New Mexico Gov. Michelle Lujan Grisham has no fear at all in overstepping her authority in the name of gun control. We know good and well that she has no problem with that because, well, she's done it. We all remember her unilaterally trying to ban the lawful carry of firearms completely in Albuquerque.
It was so bad that even anti-gun allies took issue with it. It probably wasn't out of some supposed deference for the Second Amendment and more because it tipped their hands, but they still took issue with it.
And she desperately wanted some gun control passed in this last legislative session.
She didn't get it.
In fact, it's enough to make the NSSF feel relieved, though their relief is a bit tempered considering Grisham's history.
Not unexpected, Gov. Lujan Grisham made it clear that she wasn’t satisfied with the inaction of the legislature and she vowed to plow ahead on her own, invoking her power to call a special legislative session for “related and germane” pet issues. After all, this is the governor who two years ago infamously declared, “If there’s an emergency … I can invoke additional powers. No constitutional right, in my view … is intended to be absolute.”

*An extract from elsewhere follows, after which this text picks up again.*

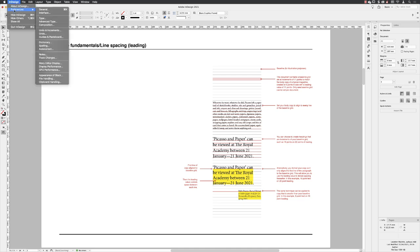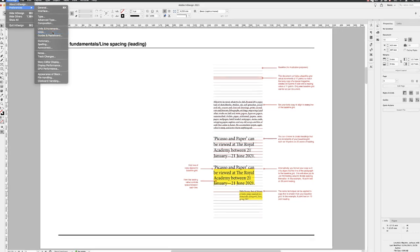To define baseline grids, go to InDesign, Preferences and Grids on a Mac. If you're on a PC, you'll head to the Edit menu and then go to Preferences and then Grids.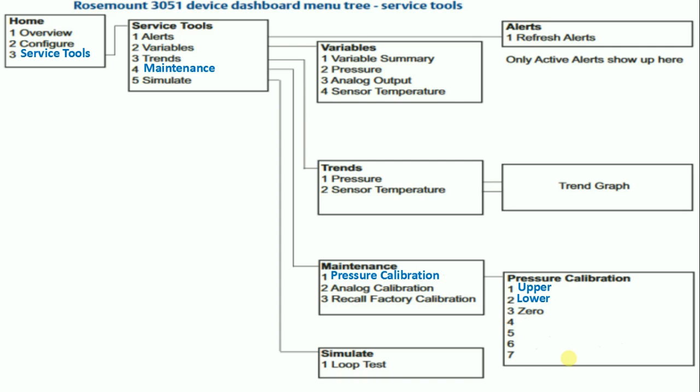These lower and upper calibration points are for knowing beforehand at which point the trimming or calibration was done.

This time, after Saturday’s regular order deadline came and passed effectively stalling out the gun control bills, the governor’s tone sounded eerily similar.
“While we made progress on universal free school lunch, literacy, water planning, and firefighting resources, I cannot ignore that we failed to adequately address the public safety crisis facing our state,” the governor said in a statement. “With 270 public safety bills introduced this session and only a handful passed, we have not met our responsibility to New Mexicans.”
The governor’s special session tease came on the heels of a gang-related criminal shooting that happened Friday night at “an unsanctioned car show.” Las Cruces police have already arrested one adult and three teenagers and charged them with crimes involved in the shooting. The three teens are already barred from legally owning firearms so no existing or additional laws would change that.
This piece also goes on to quote a couple of folks to address some of this stuff, particularly regarding Las Cruces. One of which is probably the most brilliant Second Amendment writer in the country, and incredibly good-looking, too!
The other is a pretty good guy and an editor at some site or another.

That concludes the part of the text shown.